Your task => With the pictures left out, retype exactly the lines below starting at the line that contains "Boy playing computer" and ending at the line that contains "High angle view".
(Data for analysis)
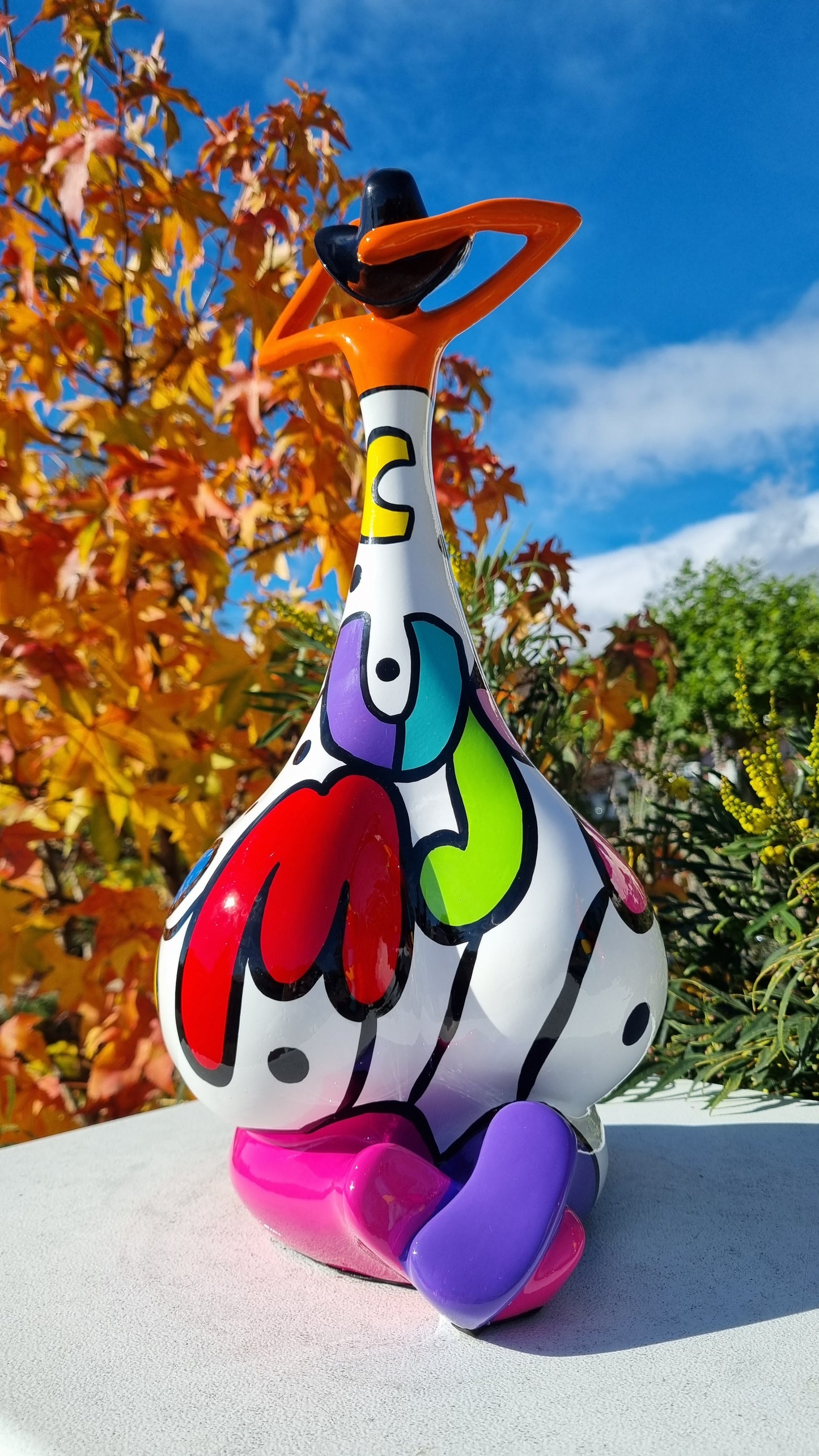 Statue femme contemporaine avec chapeau, en résine orange et multicolore. Hauteur 43 centimètres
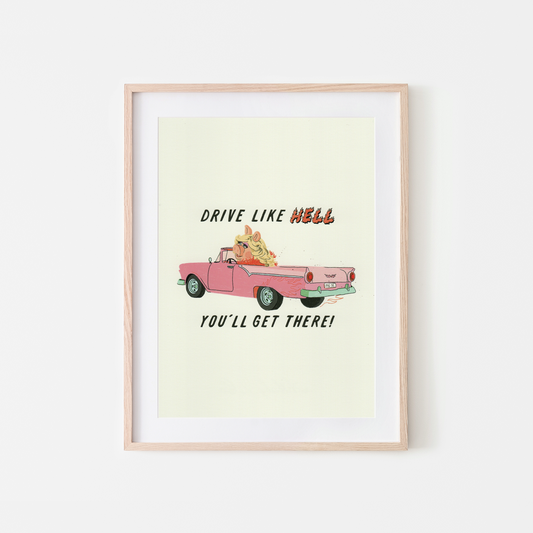 A framed art print featuring a retro pink convertible with MISS PIGGY IN THE DRIVERS seat, with the text 'DRIVE LIKE HELL YOU'LL GET THERE!' on a cream background, set in a light wood frame against a white wall.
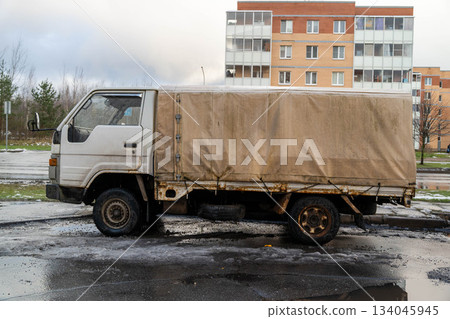 Old delivery truck parked near apartment buildings in urban area during cloudy weather Old delivery truck parked near apartment buildings in urban area during cloudy weather 134045945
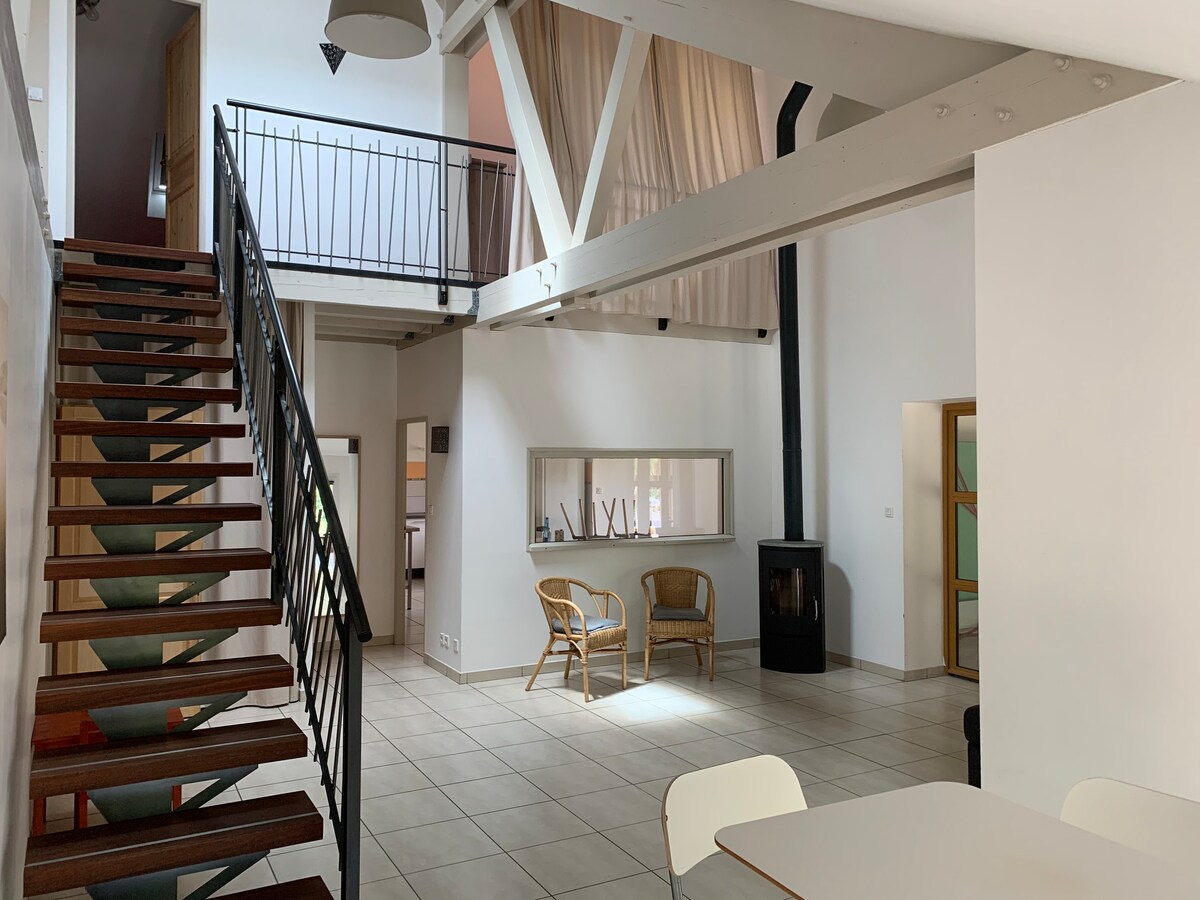 An inviting living space features high ceilings supported by wooden beams. A staircase with a black railing leads to the upper level. Two rattan chairs are placed near a window, and a stove is located against the wall, complementing the open layout.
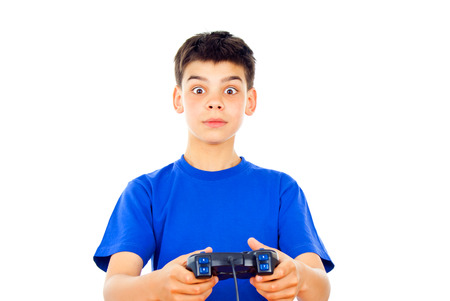 Boy playing computer games on the joystickの写真素材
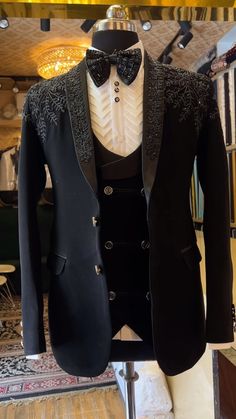 a tuxedo jacket and bow tie on display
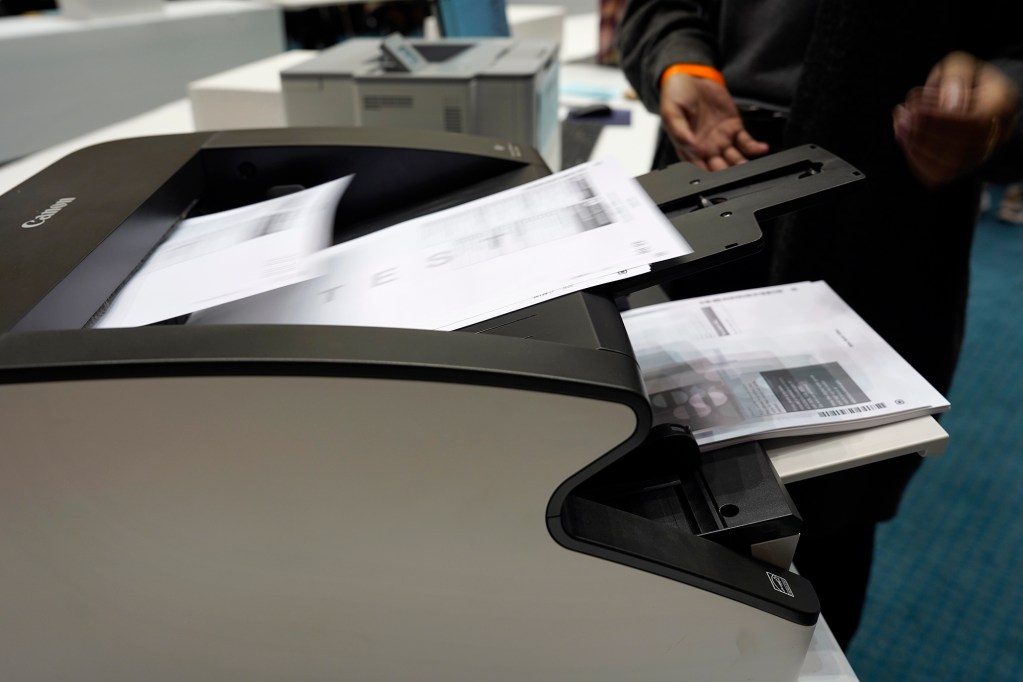 Test ballots are scanned and counted during the Office of Elections test of the vote counting system to prepare for the primary election Saturday, July 27, 2024, in the Hawaii State Capitol Senate Chambers in Honolulu. (Kevin Fujii/Civil Beat/2024)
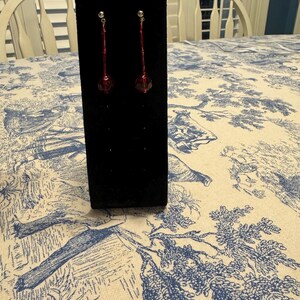 May include: A pair of dangle earrings with a long, thin, silver chain and a dark red, faceted glass bead at the bottom.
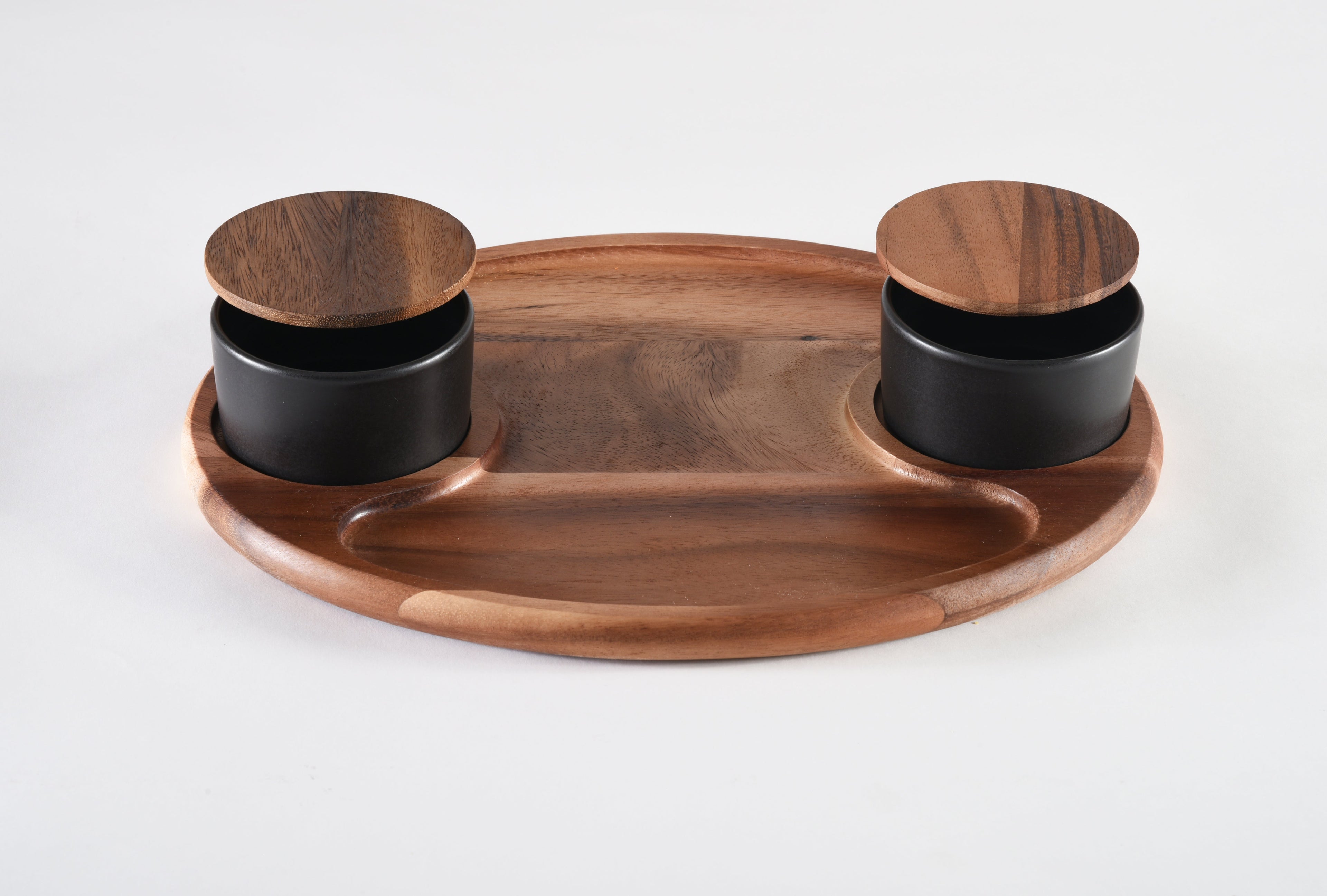 Wooden tray with two black containers on a white background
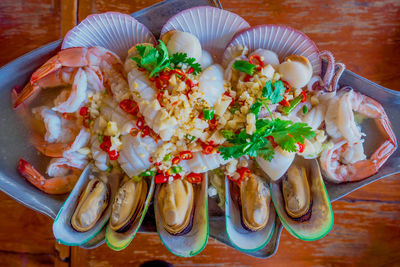 High angle view of vegetables in plate on table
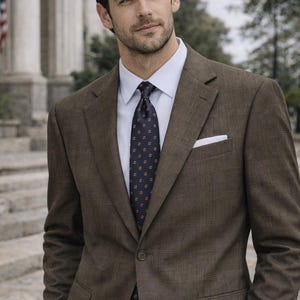 May include: A brown plaid suit jacket with a white pocket square, paired with a blue dress shirt and a patterned navy tie. The suit is worn with light-colored pants. The man is wearing a silver watch.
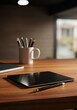 © Maxis Studio - Elements include a sleek black tablet, a black pen, a white mug with black pens, a closed notebook with a white spine, a polished wooden desk surface, warm ambient lighting, and a blurred background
(End Data for analysis)
Task result =>
 Boy playing computer games on the joystickの写真素材
 a tuxedo jacket and bow tie on display
 Test ballots are scanned and counted during the Office of Elections test of the vote counting system to prepare for the primary election Saturday, July 27, 2024, in the Hawaii State Capitol Senate Chambers in Honolulu. (Kevin Fujii/Civil Beat/2024)
 May include: A pair of dangle earrings with a long, thin, silver chain and a dark red, faceted glass bead at the bottom.
 Wooden tray with two black containers on a white background
 High angle view of vegetables in plate on table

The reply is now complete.